Problem statement: In the entries that follow, the lines from the one with "Ngọc Rồng Online" through the one with "2013新品 乐高 正品 LEGO 城堡 L70404国王的城堡 玩具 积木 早教" are the ones to write out, exactly and with both ends included. Nothing else should appear.

Given data:
****************

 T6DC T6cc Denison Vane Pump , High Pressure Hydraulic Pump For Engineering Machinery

****************

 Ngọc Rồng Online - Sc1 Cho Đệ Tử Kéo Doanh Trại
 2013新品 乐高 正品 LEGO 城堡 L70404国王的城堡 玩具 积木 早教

****************

Solution to the exercise:
 Ngọc Rồng Online - Sc1 Cho Đệ Tử Kéo Doanh Trại
 2013新品 乐高 正品 LEGO 城堡 L70404国王的城堡 玩具 积木 早教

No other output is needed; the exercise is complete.